_Problem details_
No pictures belong in the copy. Retype exactly, and only, the stretch of lines below from the one with "Insurance Company Near" through the one with "Michelin 4X4 A/T.".

Stored items
════

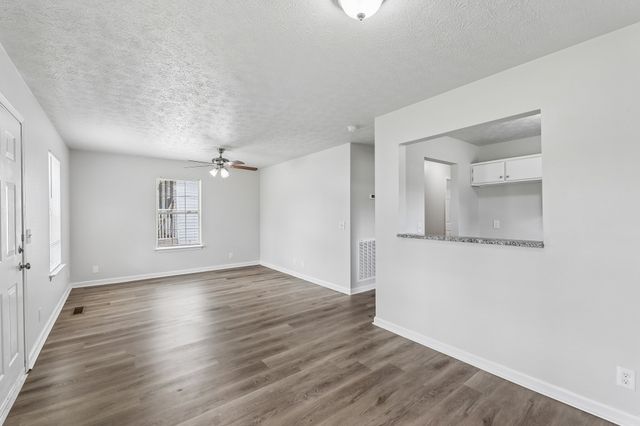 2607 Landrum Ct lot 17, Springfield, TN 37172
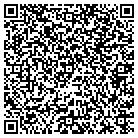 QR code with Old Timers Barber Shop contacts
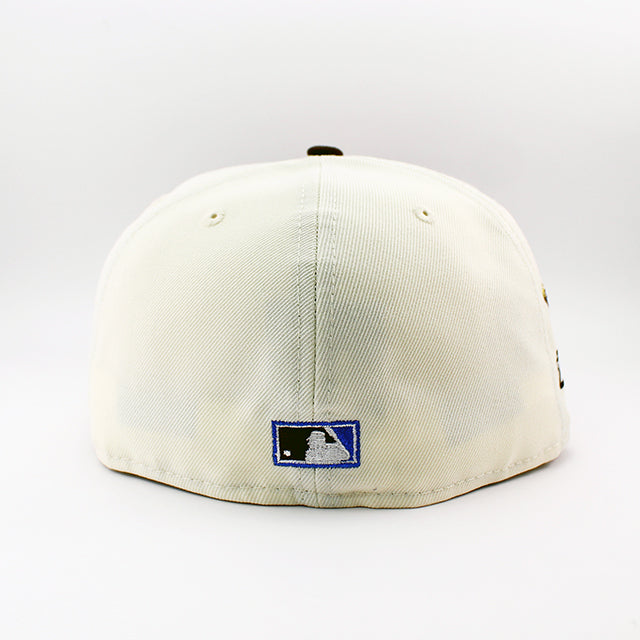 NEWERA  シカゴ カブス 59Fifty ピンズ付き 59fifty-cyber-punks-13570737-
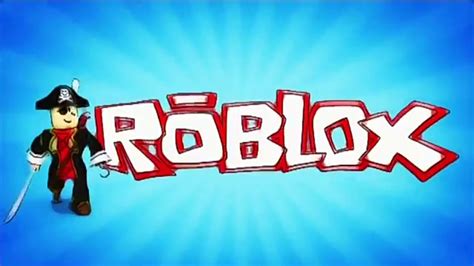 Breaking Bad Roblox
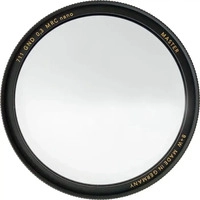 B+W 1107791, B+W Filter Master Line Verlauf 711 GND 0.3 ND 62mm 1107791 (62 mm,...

════

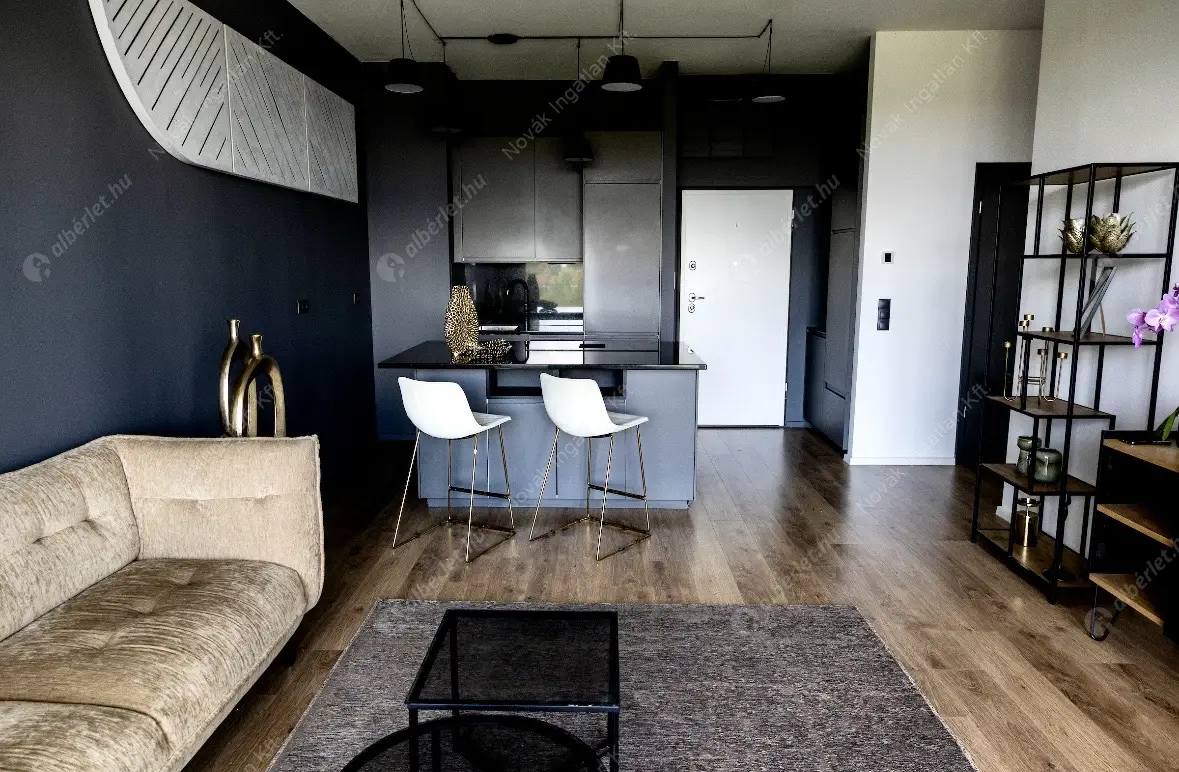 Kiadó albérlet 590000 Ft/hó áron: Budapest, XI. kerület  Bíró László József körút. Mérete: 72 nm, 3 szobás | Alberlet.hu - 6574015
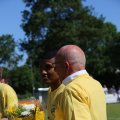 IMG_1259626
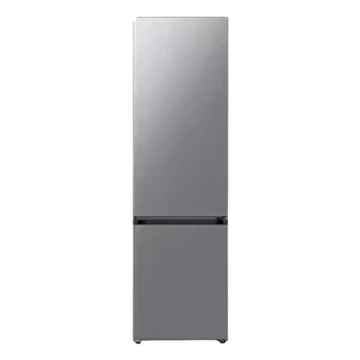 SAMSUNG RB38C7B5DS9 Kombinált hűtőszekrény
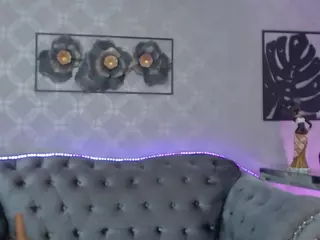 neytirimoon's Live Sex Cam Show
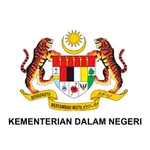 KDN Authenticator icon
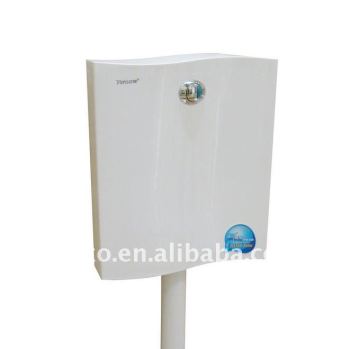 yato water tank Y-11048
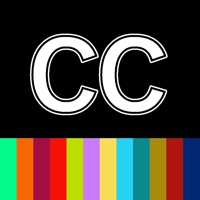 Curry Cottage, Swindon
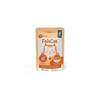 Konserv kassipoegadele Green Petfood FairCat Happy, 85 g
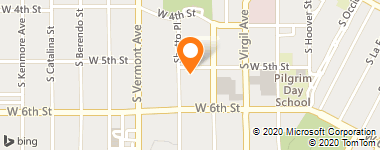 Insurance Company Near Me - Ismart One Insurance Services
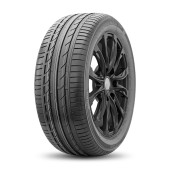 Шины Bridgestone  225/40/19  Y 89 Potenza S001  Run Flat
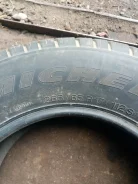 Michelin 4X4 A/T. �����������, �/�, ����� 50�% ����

════

_Finished exercise_
 Insurance Company Near Me - Ismart One Insurance Services
 Шины Bridgestone  225/40/19  Y 89 Potenza S001  Run Flat
 Michelin 4X4 A/T. �����������, �/�, ����� 50�% ����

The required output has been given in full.